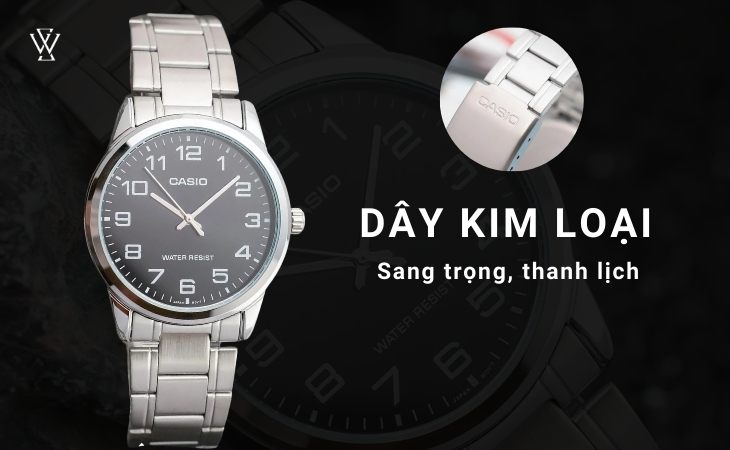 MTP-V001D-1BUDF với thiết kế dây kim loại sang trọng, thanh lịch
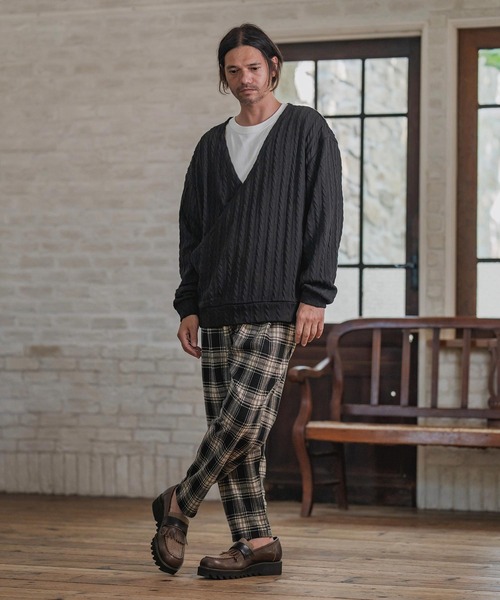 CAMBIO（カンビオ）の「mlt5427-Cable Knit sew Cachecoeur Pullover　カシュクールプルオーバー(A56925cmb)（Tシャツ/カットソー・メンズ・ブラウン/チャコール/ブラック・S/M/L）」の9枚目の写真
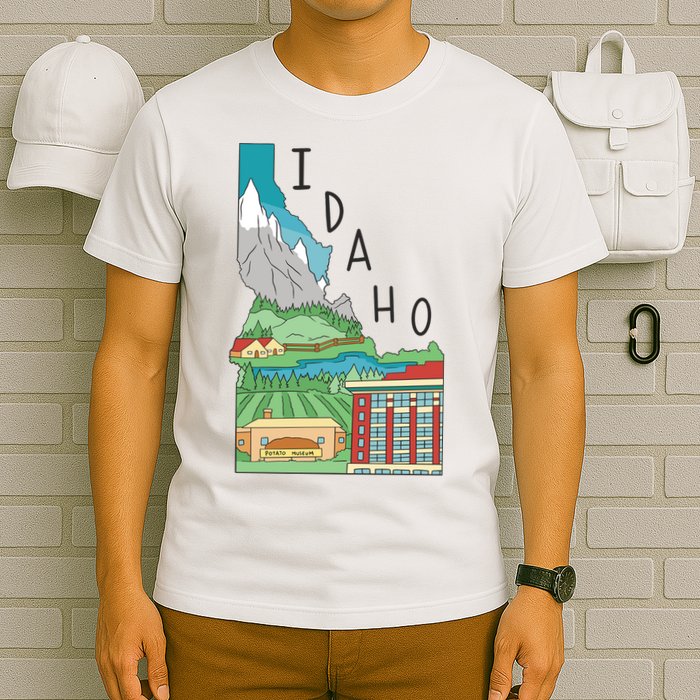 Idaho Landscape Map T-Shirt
________________________________________
▸ WHAT TO WORK ON: From the line containing "CAMBIO（カンビオ）の「mlt5427-Cable Knit sew" down to the last line of the data, print every line exactly and nothing else. Pictures stay out of the copy.

▸ RESULT:
 CAMBIO（カンビオ）の「mlt5427-Cable Knit sew Cachecoeur Pullover　カシュクールプルオーバー(A56925cmb)（Tシャツ/カットソー・メンズ・ブラウン/チャコール/ブラック・S/M/L）」の9枚目の写真
 Idaho Landscape Map T-Shirt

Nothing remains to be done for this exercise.